ACTIVITY: Pictures must not appear; the answer is exactly the lines from the one that holds "Alana - Robe-chemise" through the end of the material.
Start of MATERIAL SUPPLIED
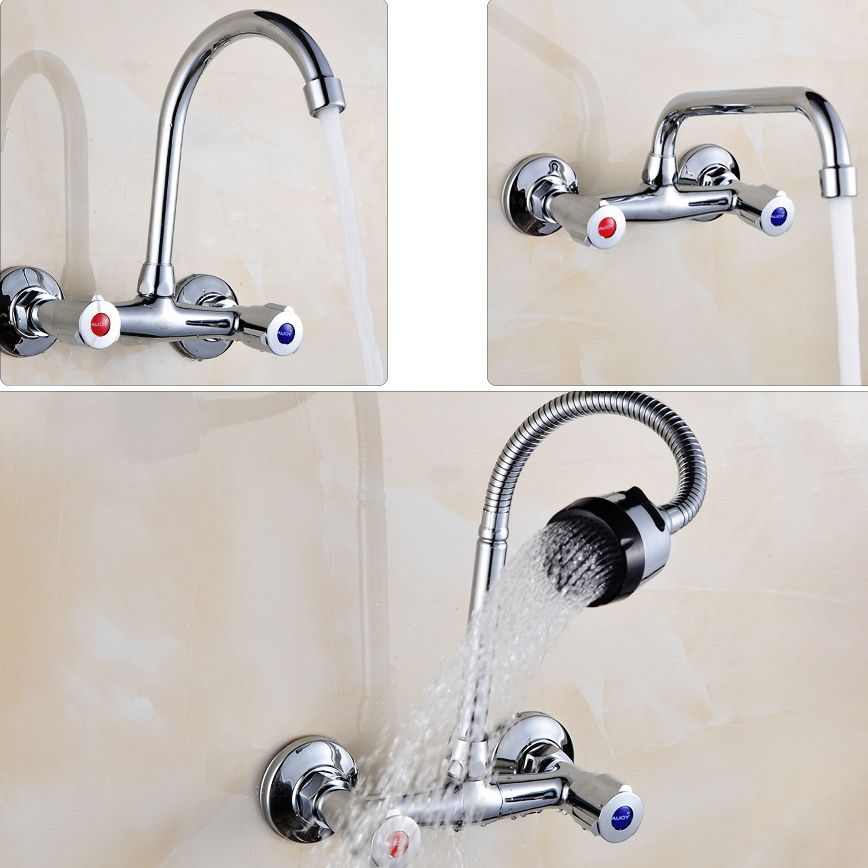 Modern 1-Hold Bar Faucet Double Handle Wall-mounted Lead Free Bar Faucet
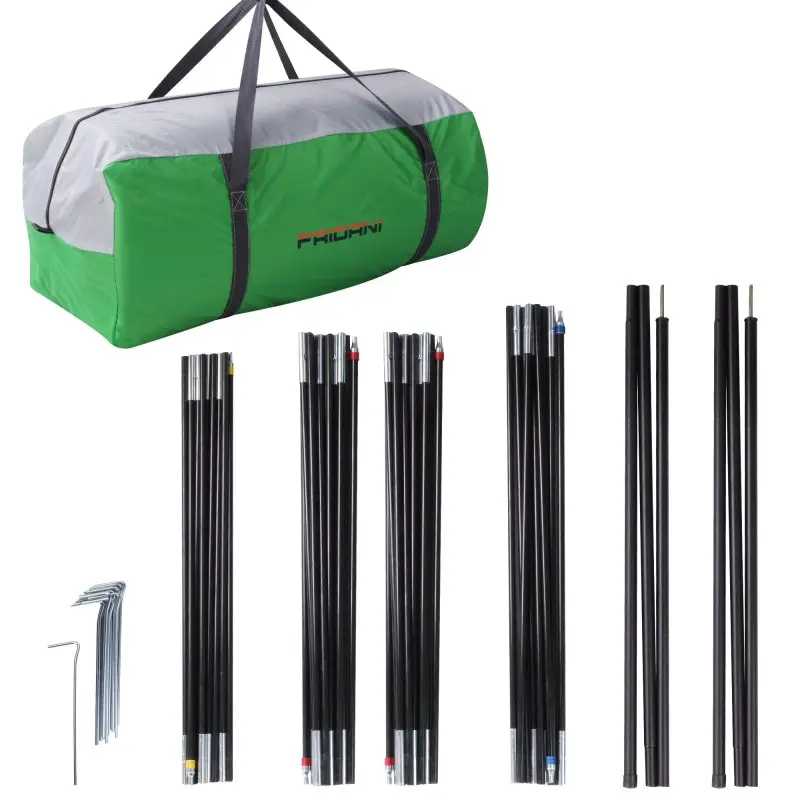 Sac de transport vert et gris Fridani avec piquets de tente, arceaux et sardines, accessoires pour le montage du grand tente dôme 5 personnes DTG 500, camping, imperméable 3000 mm, familial.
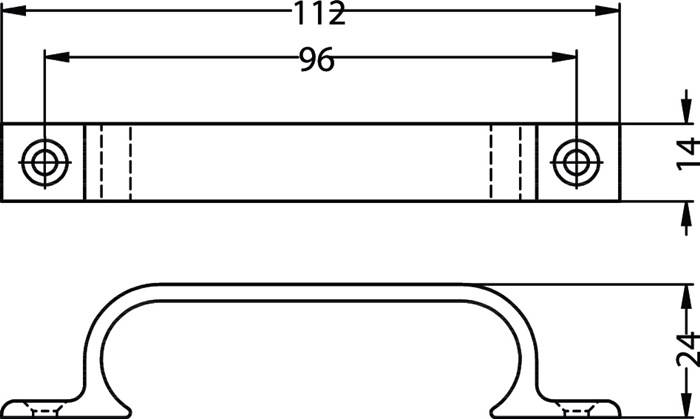 Handgriff A.21mm L.112mm B.14mm Alu.schwarz Löcher 2 HERMETA…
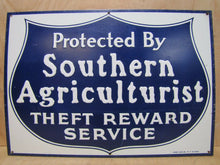 Load image into Gallery viewer, Old Protected By SOUTHERN AGRICULTURIST Theft Reward Service Sign Amer Can Co NY
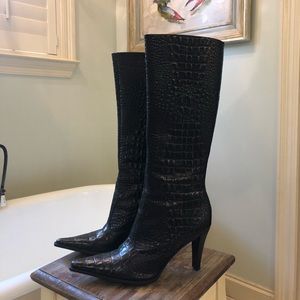 GIANNI BINI Black Croc Boot🖤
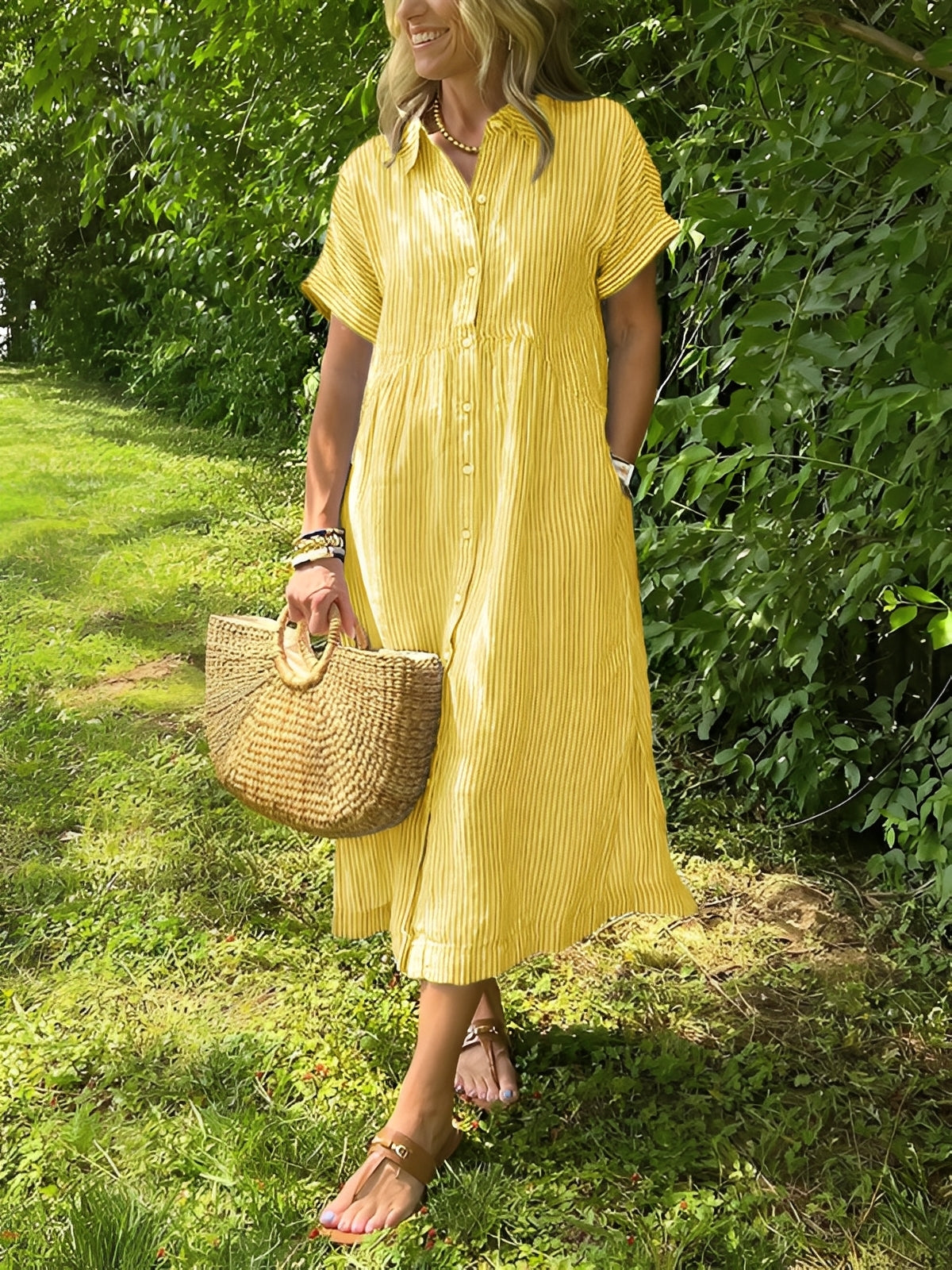 Alana - Robe-chemise à rayures décontractée pour femmes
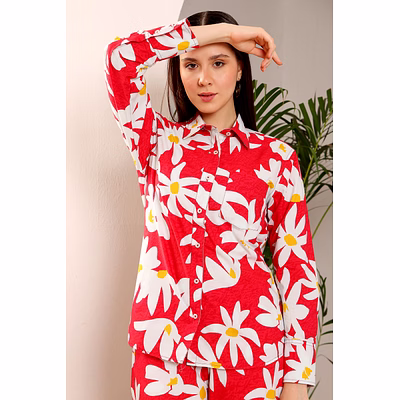 lily flower red co-ord set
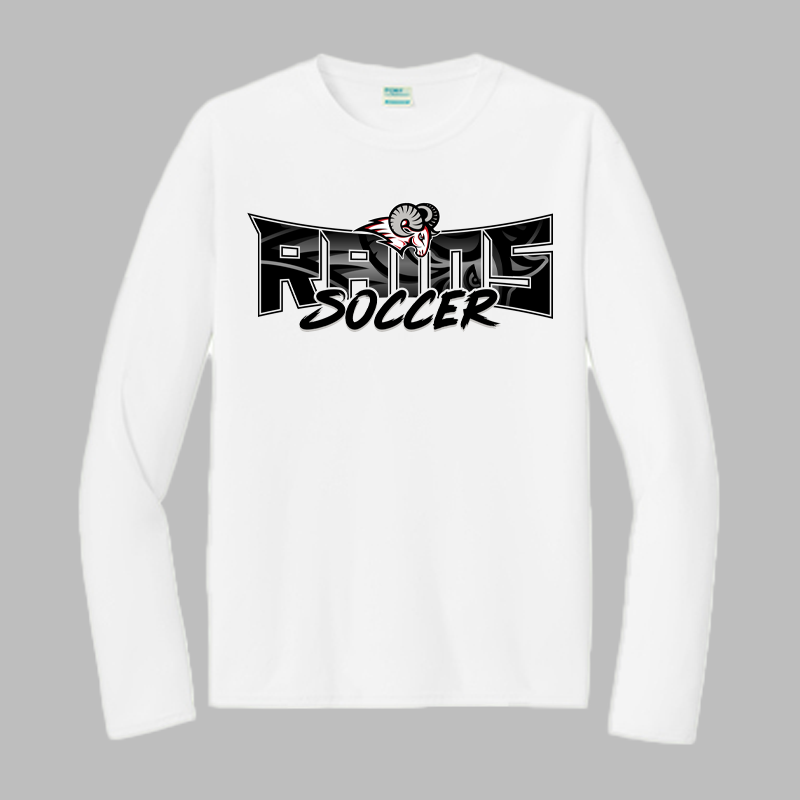 Rams Soccer Black Text Long Sleeve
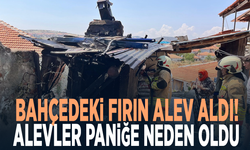 Bahçedeki fırın alev aldı! Alevler paniğe neden oldu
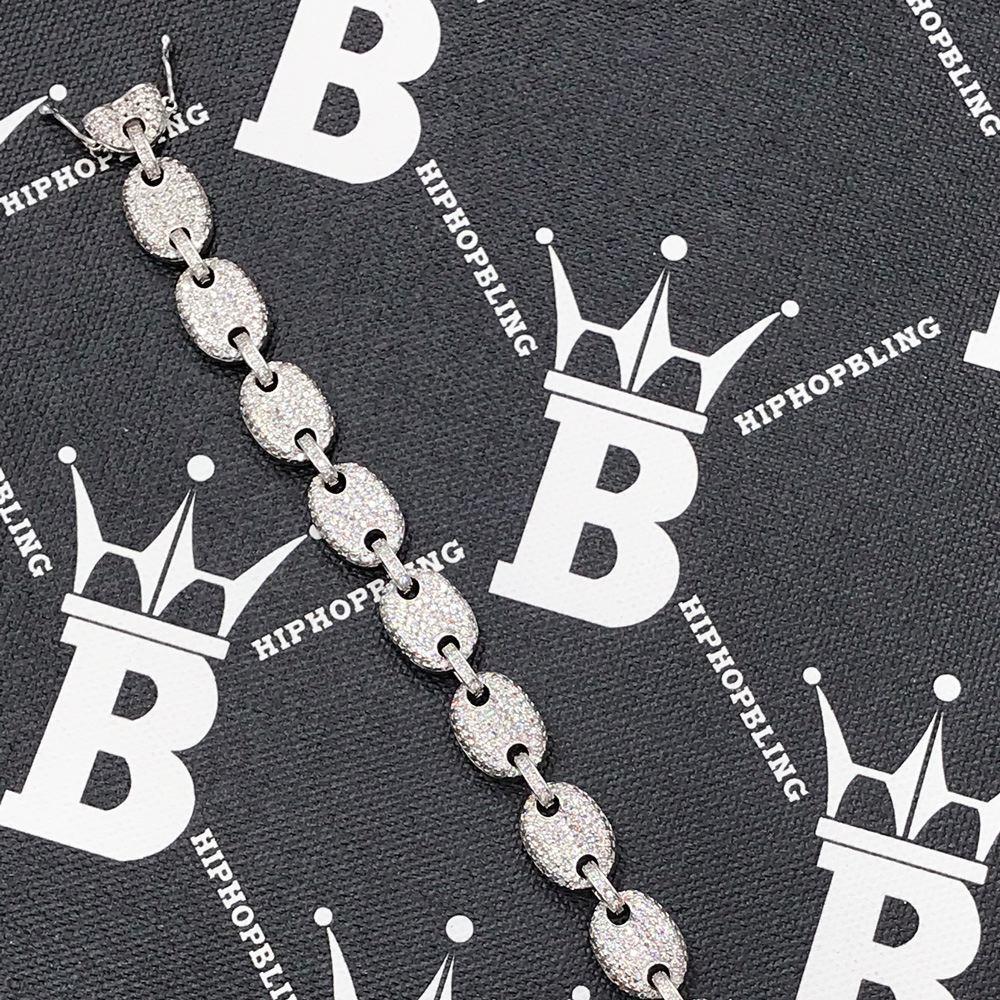 Bubble Mariner Link Iced Out Hip Hop Bracelet White Gold 8" HipHopBling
End of MATERIAL SUPPLIED
TASK ANSWER:
 Alana - Robe-chemise à rayures décontractée pour femmes
 lily flower red co-ord set
 Rams Soccer Black Text Long Sleeve
 Bahçedeki fırın alev aldı! Alevler paniğe neden oldu
 Bubble Mariner Link Iced Out Hip Hop Bracelet White Gold 8" HipHopBling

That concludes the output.